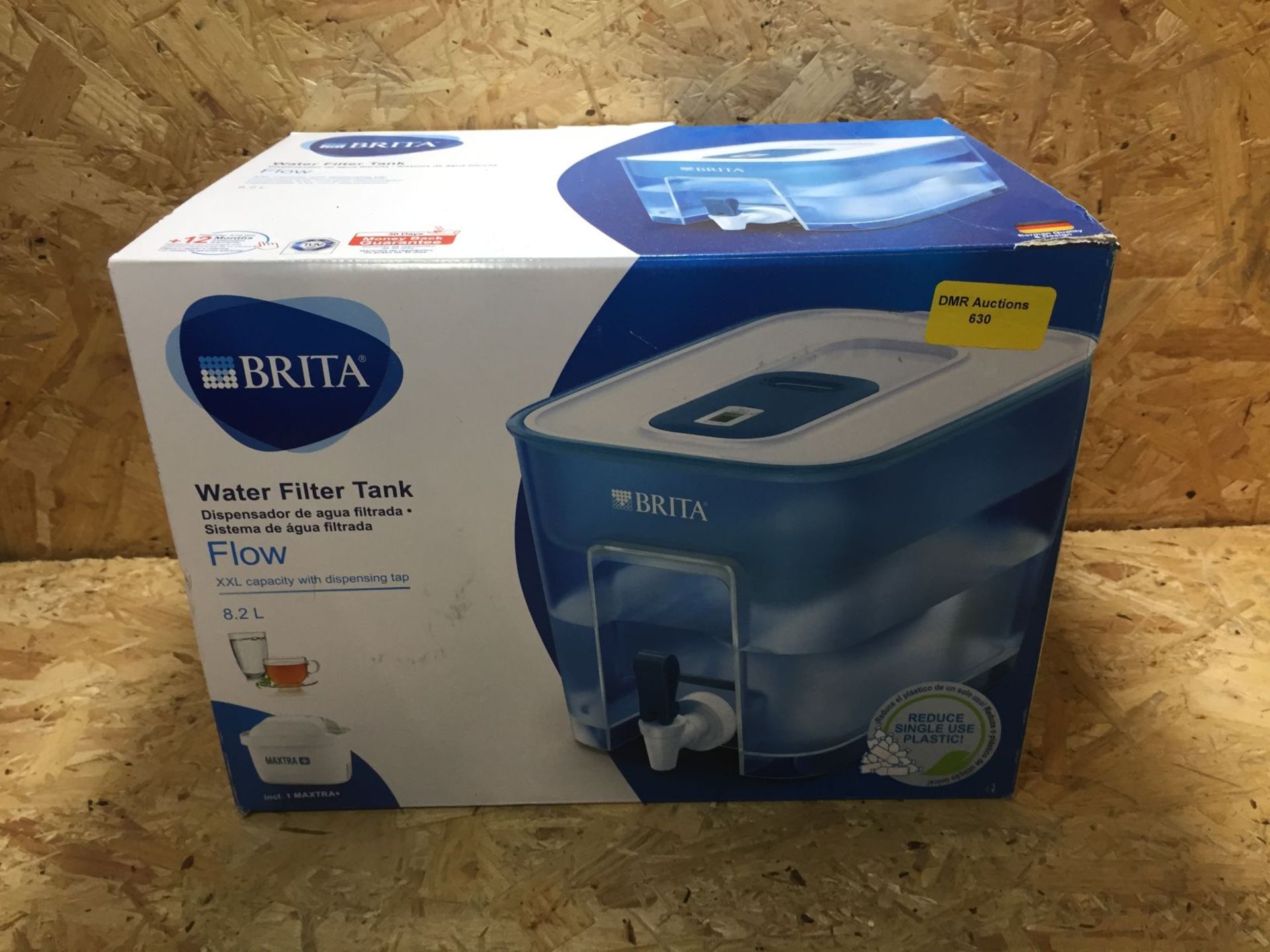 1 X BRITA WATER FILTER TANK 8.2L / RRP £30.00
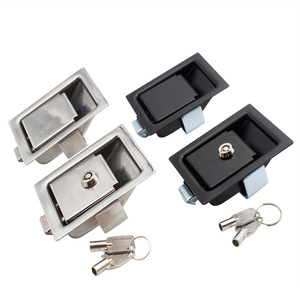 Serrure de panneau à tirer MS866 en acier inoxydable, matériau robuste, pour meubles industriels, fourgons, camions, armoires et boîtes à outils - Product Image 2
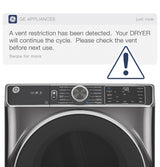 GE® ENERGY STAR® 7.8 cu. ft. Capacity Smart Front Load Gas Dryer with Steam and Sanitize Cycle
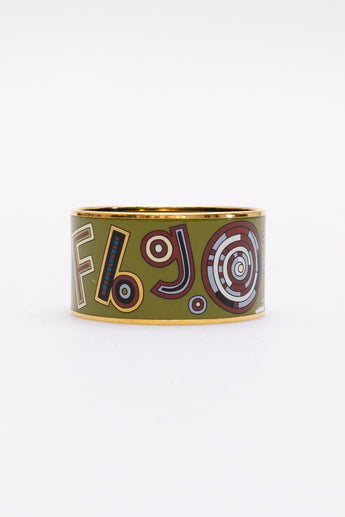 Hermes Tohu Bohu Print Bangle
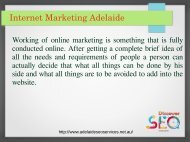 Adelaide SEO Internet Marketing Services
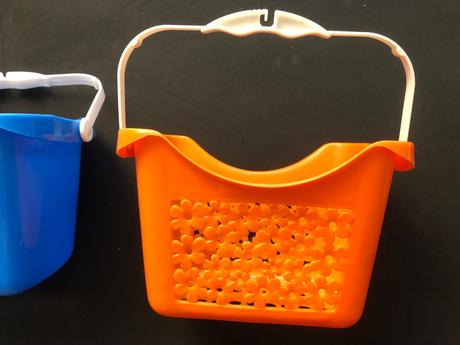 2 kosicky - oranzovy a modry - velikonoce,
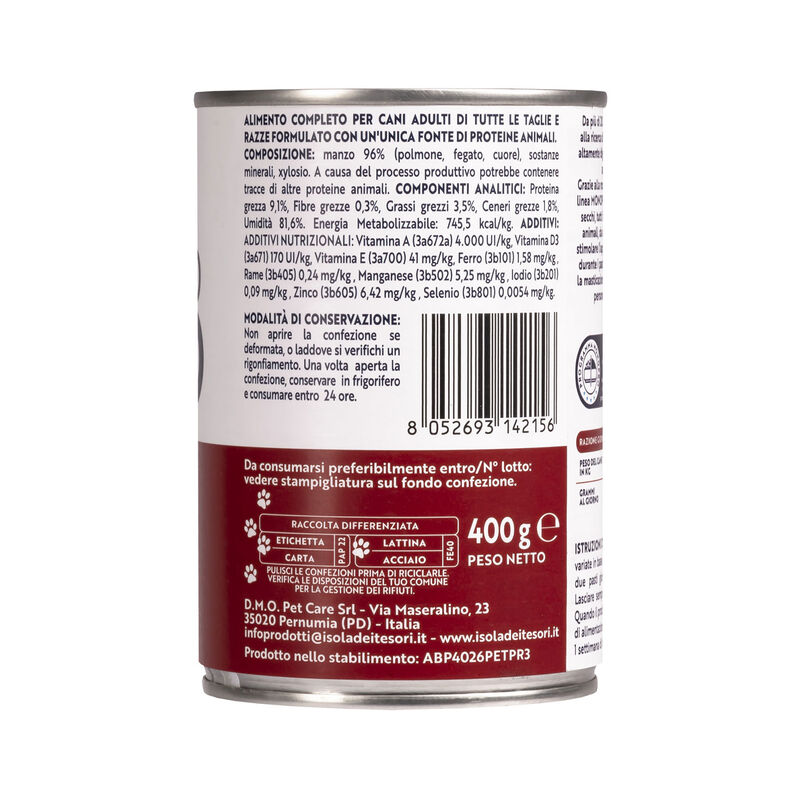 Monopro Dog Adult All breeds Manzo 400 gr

▶ **Task description**
Give the entries again without a single change, but with no pictures.

▶ **Exercise response**
 1 X BRITA WATER FILTER TANK 8.2L / RRP £30.00
 Serrure de panneau à tirer MS866 en acier inoxydable, matériau robuste, pour meubles industriels, fourgons, camions, armoires et boîtes à outils - Product Image 2
 GE® ENERGY STAR® 7.8 cu. ft. Capacity Smart Front Load Gas Dryer with Steam and Sanitize Cycle
 Hermes Tohu Bohu Print Bangle
 Adelaide SEO Internet Marketing Services
 2 kosicky - oranzovy a modry - velikonoce,
 Monopro Dog Adult All breeds Manzo 400 gr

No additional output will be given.